| Given information |
*** Block opens ***

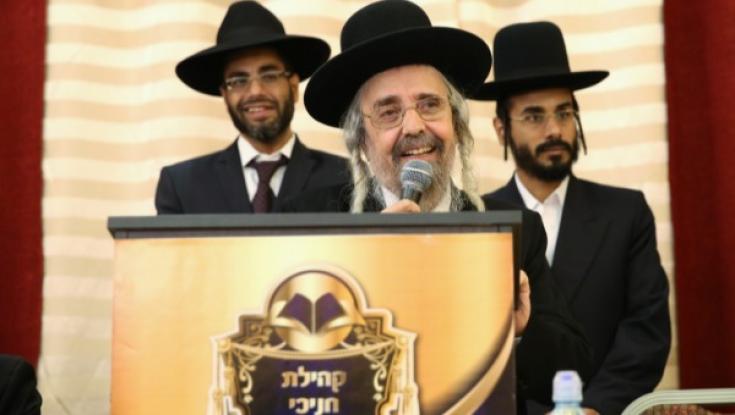 זקן רבני תימן ורב העיר בני ברק הלך לעולמו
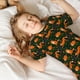 thumbnail image 5 of Balery Cute Little Foxes Conjunto de Pijama Infantil de Manga Corta con Estampado – Ropa de Dormir de Algodón Suave-X-Large, 5 of 6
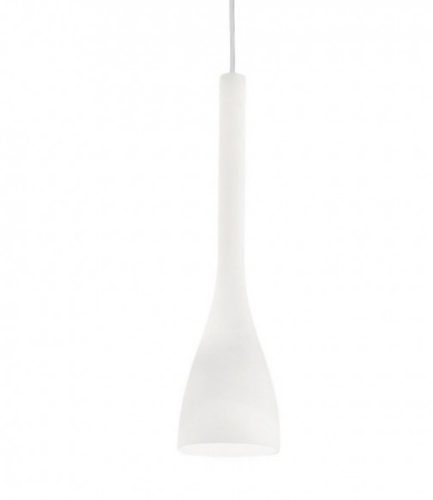 LUX 035697 FLUT SP1 SMALL BIANCO
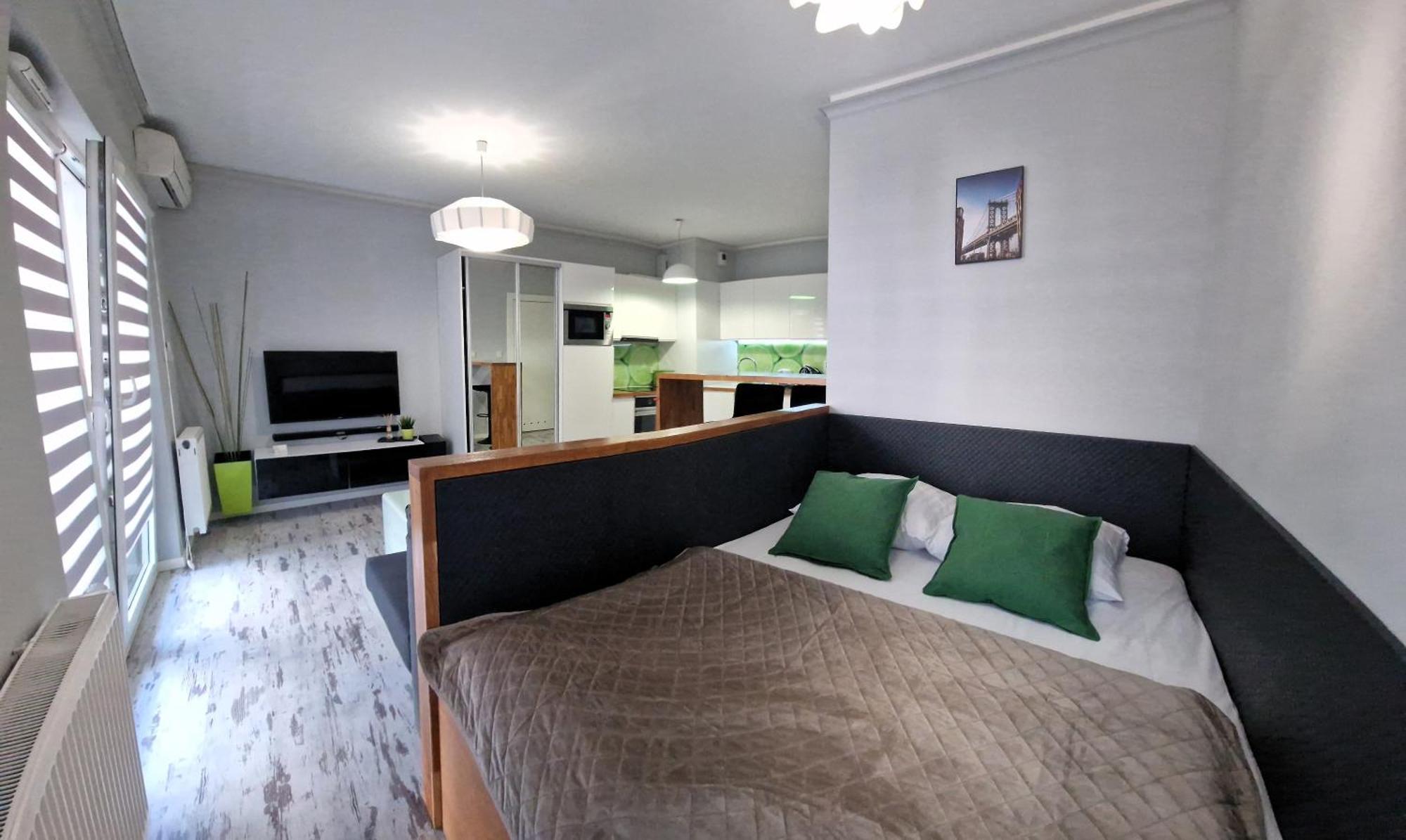 Apartamenty Homely Place Casa Verona - Stary Rynek - Parking Poznań Camera foto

*** Block closes ***

| Activity |
Your copy should match the material above exactly, minus its pictures.

| Result of the exercise |
 זקן רבני תימן ורב העיר בני ברק הלך לעולמו
 thumbnail image 5 of Balery Cute Little Foxes Conjunto de Pijama Infantil de Manga Corta con Estampado – Ropa de Dormir de Algodón Suave-X-Large, 5 of 6
 LUX 035697 FLUT SP1 SMALL BIANCO
 Apartamenty Homely Place Casa Verona - Stary Rynek - Parking Poznań Camera foto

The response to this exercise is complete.